The cousins, who are six months apart in age and grew up together in Calgary, often pushed the plants around on their plates at the end of family dinners, refusing to eat them. But their grandmother had other plans. “My grandma would say her famous line: ‘Finish your food! There are starving kids in Africa. You should appreciate what you have,’” Hall, now living in Vancouver, recalls over the phone (Bryant is now based in Edmonton). “We didn’t really buy it at the time, but we eventually figured it out. That laid down those values for us really early.”
Fast-forward to adulthood, and the close cousins, both working corporate jobs, realized they wanted to do something with more of a positive impact. Inspired by the buy-one, give-one model made famous by the shoe brand Toms, Hall and Bryant wondered if they could implement a similar strategy with something even more crucial than footwear: food.
The fruits of their brainstorming, Mealshare, was born in July 2013 with the ambitious but worthy goal of ending youth hunger. The framework is simple: diners order a Mealshare dish at a participating restaurant across Canada, and the eatery gives some of the proceeds to Mealshare, who then works with partner charities (both locally and abroad) to fund and distribute the food to youths in need. Buy-one, give-one: easy and effective. How effective?
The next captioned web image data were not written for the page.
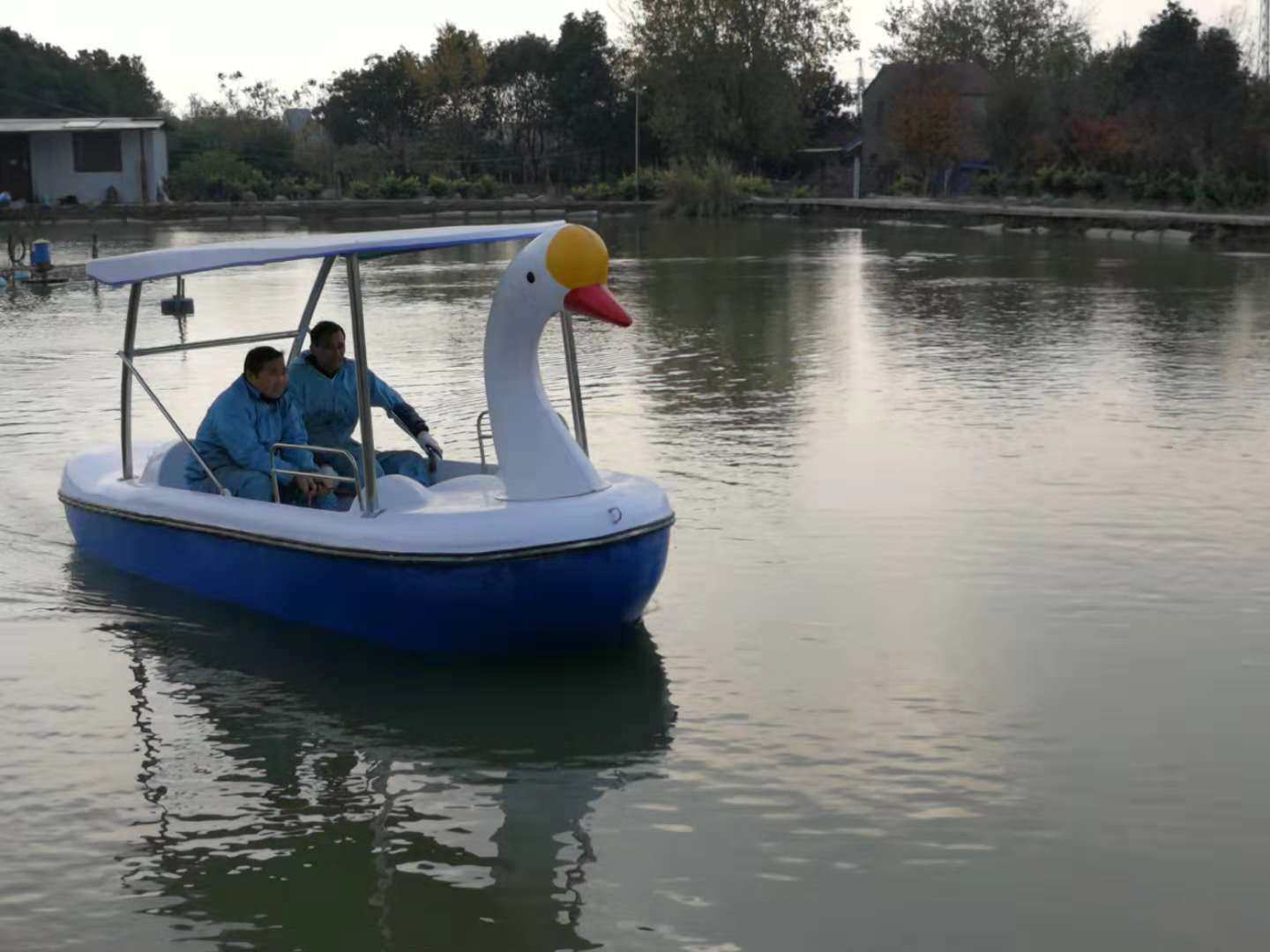 新款发售 大白鹅电动游船4-5人座公园观光游览船自动排水质保3年在类目 户外/登山/野营/旅行用品, 专项户外运动装备, 水上船艇, 其他中 - 来自Buy2taobao.com提供专业的淘宝代购服务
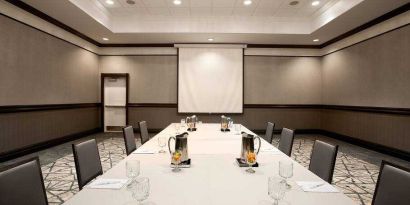 Meeting room with square table at the Embassy Suites by Hilton San Francisco Airport Waterfront.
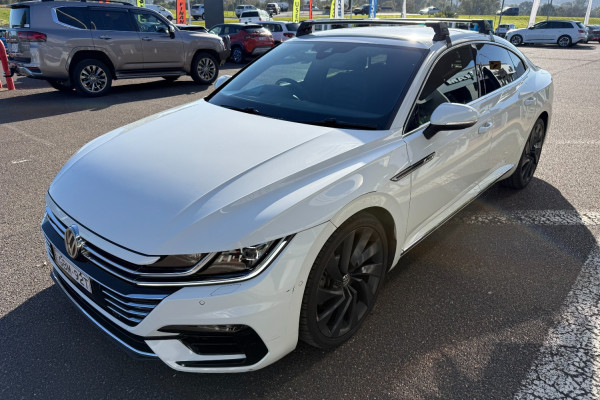2018 Volkswagen Arteon 3H 206TSI R-Line Sedan Image 5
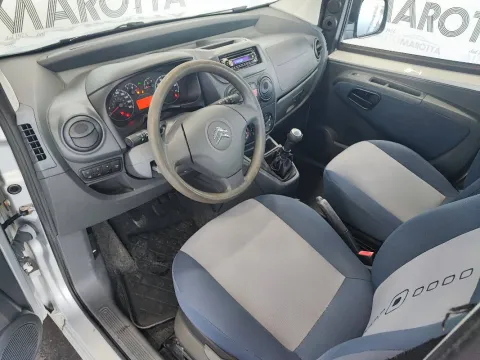 Citroen Nemo 1.4 hdi m-space 70cv - Immagine 9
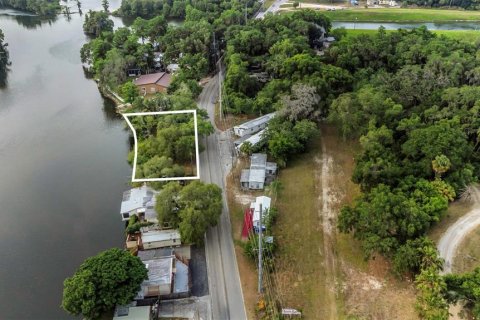 Terreno en venta en Tampa, Florida № 1280465 - foto 1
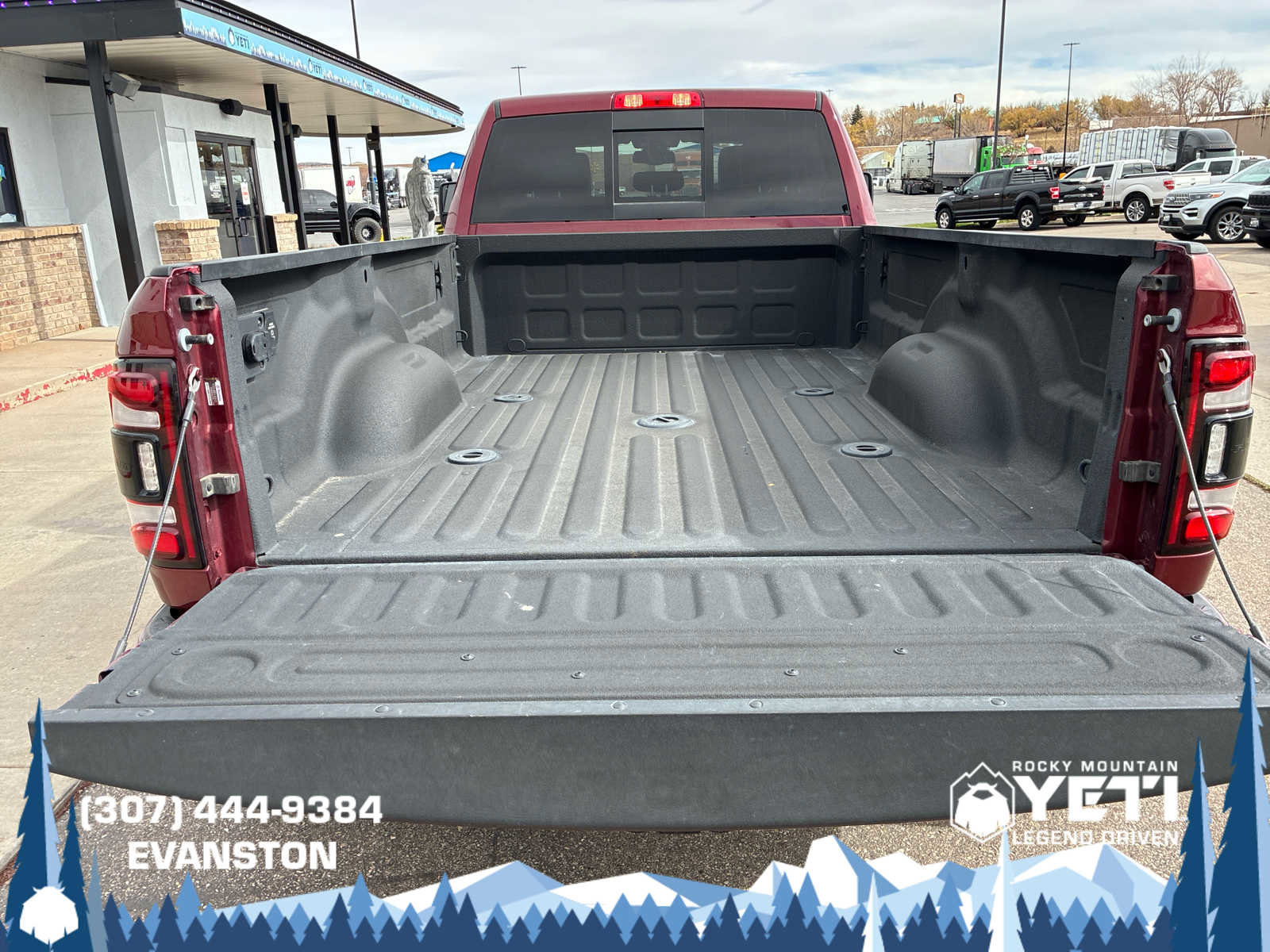 Used 2024 RAM 3500 Laramie w/ Night Edition image 24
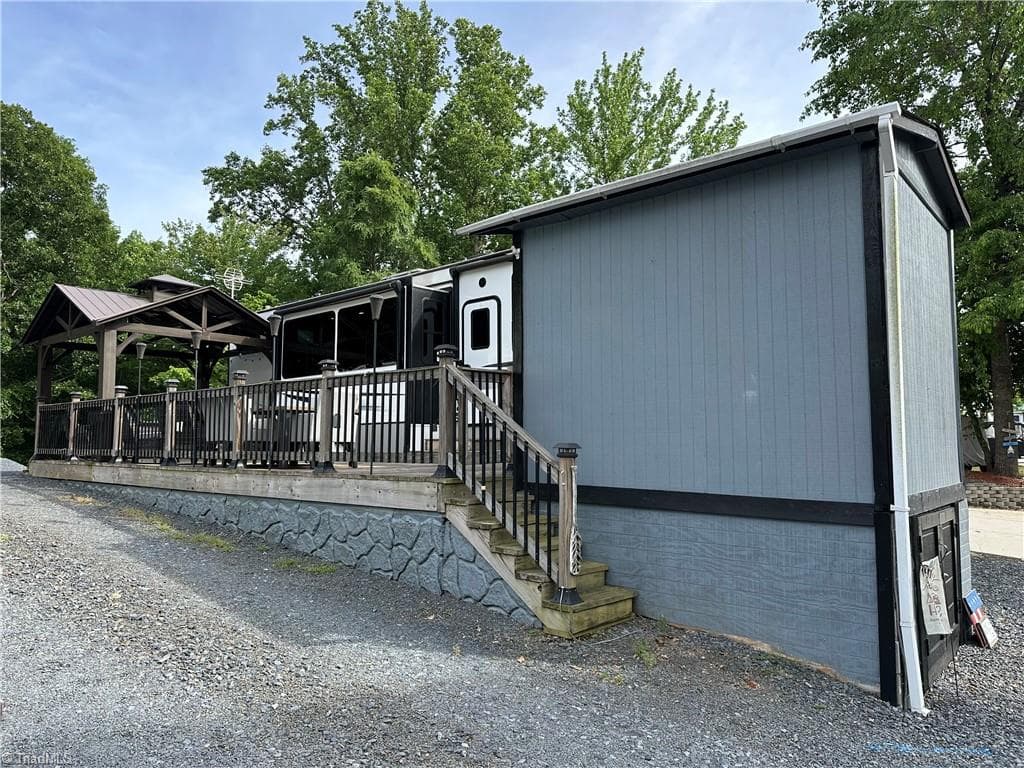 Manufactured Home at 133 Marina Drive, New London NC 28127, New London, photo 6 of 50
Mealshare works with nearly 300 restaurants across the country, and to date has served over 1,200,000 meals to those less fortunate.
Adding to that impact is Mealshare’s second-annual Tonight for Tomorrow fundraiser, taking place on May 10, 2017 and during which participating restaurants in Vancouver, Calgary, and Ottawa will donate half of their entire food sales for the day to the organization. That money will then be matched by a private donor. It all contributes to the growth of Mealshare, allowing it to be able to feed more children more often. Involved restaurants in Vancouver include Brix & Mortar, Tuc Craft Kitchen, Pidgin, and Jamjar. BC Place and City Hall will glow orange, the charity’s signature colour, in support of the event.
Since those family dinners, Hall and Bryant have done a lot more than learn to eat their veggies. And one day, they will be the ones wagging their fingers at their grandchildren—although, Hall says, they hope it will be with a different message: “We want to tell them about how hunger used to be a problem for kids in the world, but isn’t anymore.”